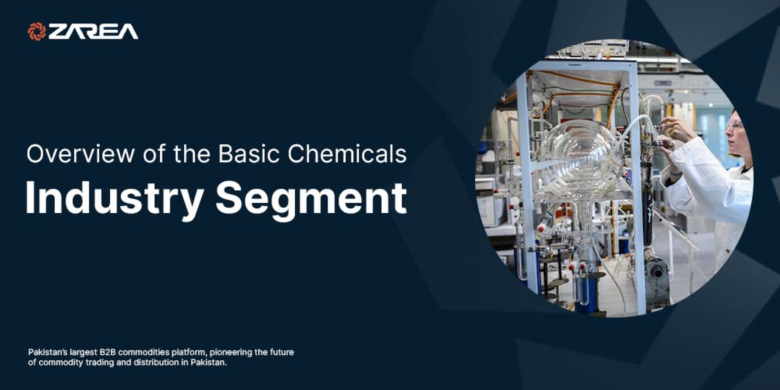 Overview of the Basic Chemicals Industry Segment
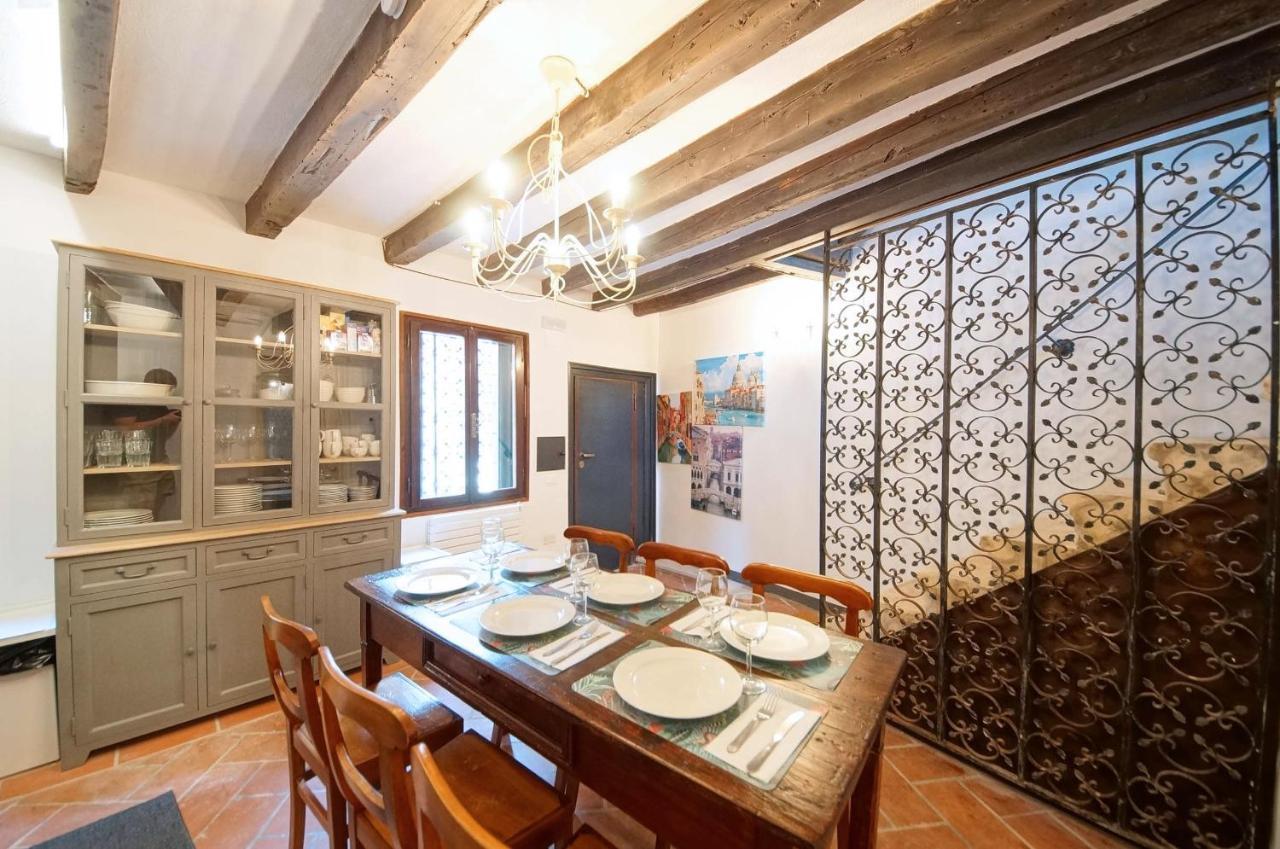 Dolcevita Apartments N 495 Biennale Venedik Dış mekan fotoğraf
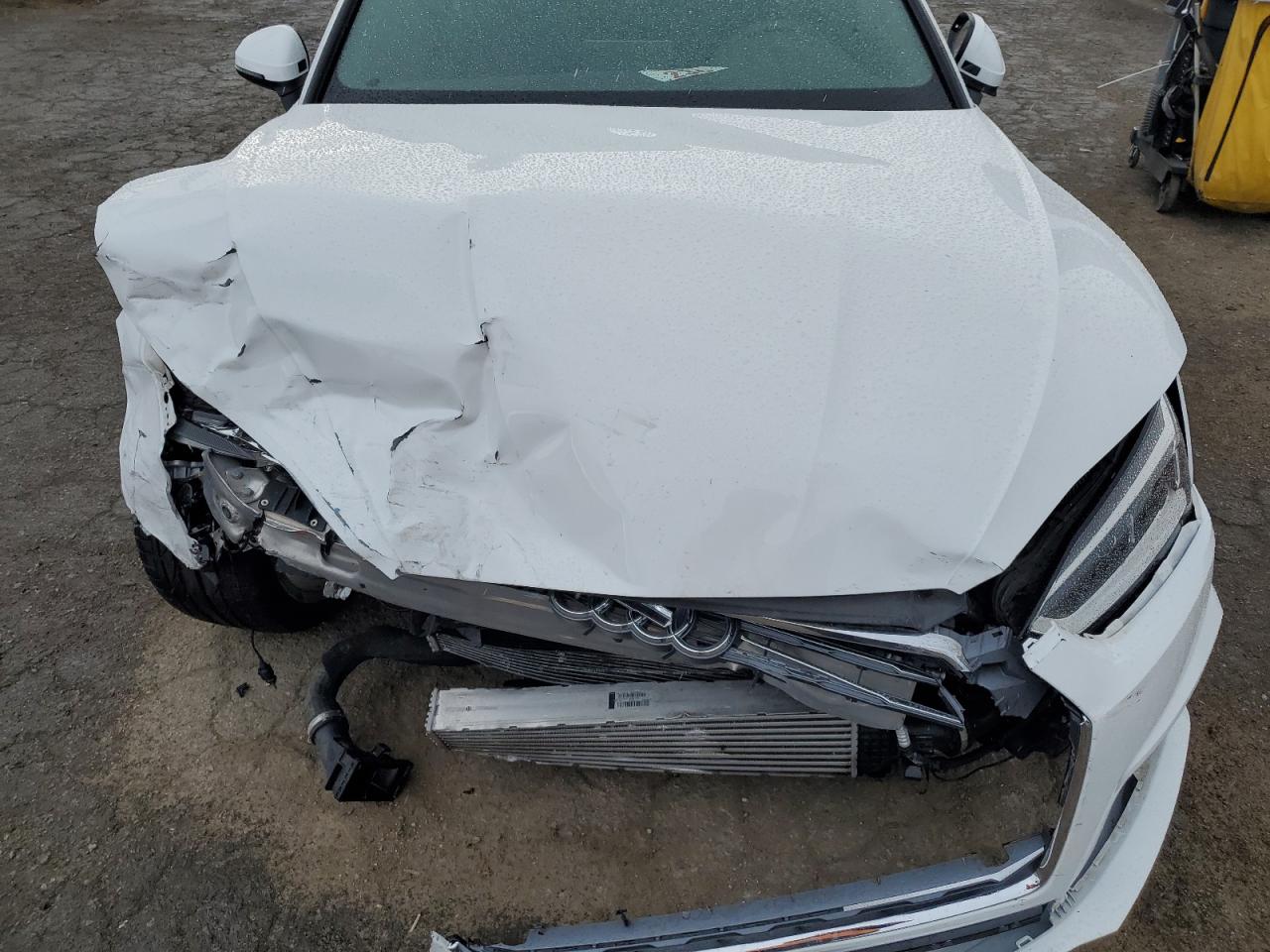 2018 Audi A5 - Image 13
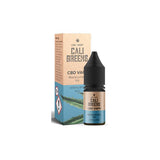 Cali Greens Vape 600mg 10ml CBD E-Liquid - GU PAK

Exercise brief:
Copy the whole of the material above exactly, but not its images.

Answer below:
 Overview of the Basic Chemicals Industry Segment
 Dolcevita Apartments N 495 Biennale Venedik Dış mekan fotoğraf
 2018 Audi A5 - Image 13
 Cali Greens Vape 600mg 10ml CBD E-Liquid - GU PAK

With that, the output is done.